TASK DIRECTIONS: For this exercise, return only the lines in the records below from the one holding "Book cover of Escaping Mr. Rochester" through the one holding "S304-Otp-165 Teal Crystal", including both, exactly as they appear and without pictures.

DATASET ENTRIES:
*** Block opens ***
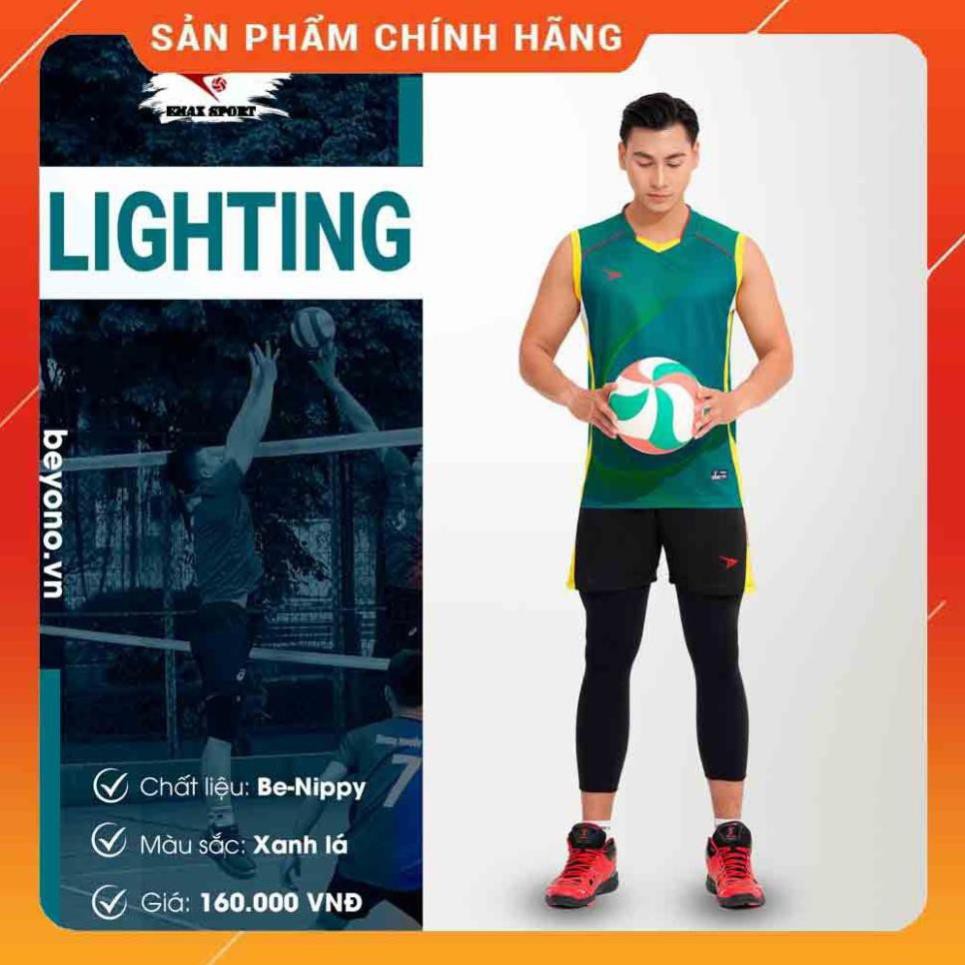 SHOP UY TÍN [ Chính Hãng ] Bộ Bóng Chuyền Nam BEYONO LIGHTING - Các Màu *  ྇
*** Block closes ***
*** Block opens ***
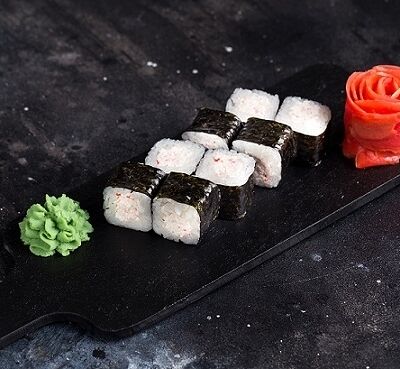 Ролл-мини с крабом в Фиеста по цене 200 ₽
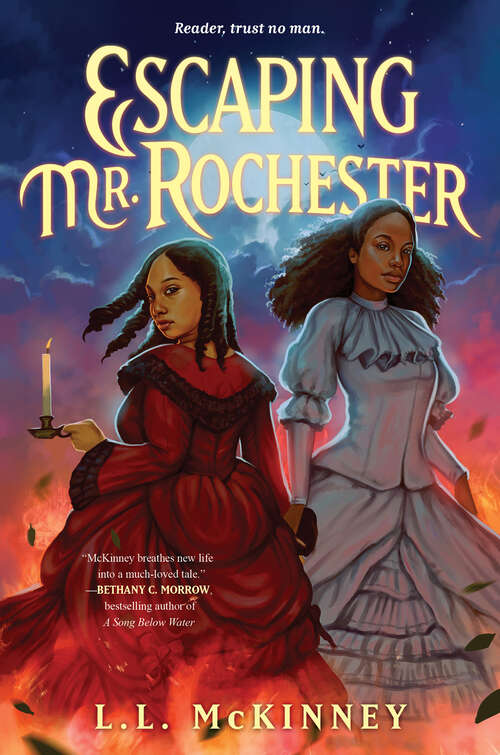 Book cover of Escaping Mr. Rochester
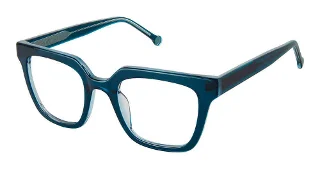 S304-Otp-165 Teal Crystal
*** Block closes ***
COMPLETED TASK:
 Book cover of Escaping Mr. Rochester
 S304-Otp-165 Teal Crystal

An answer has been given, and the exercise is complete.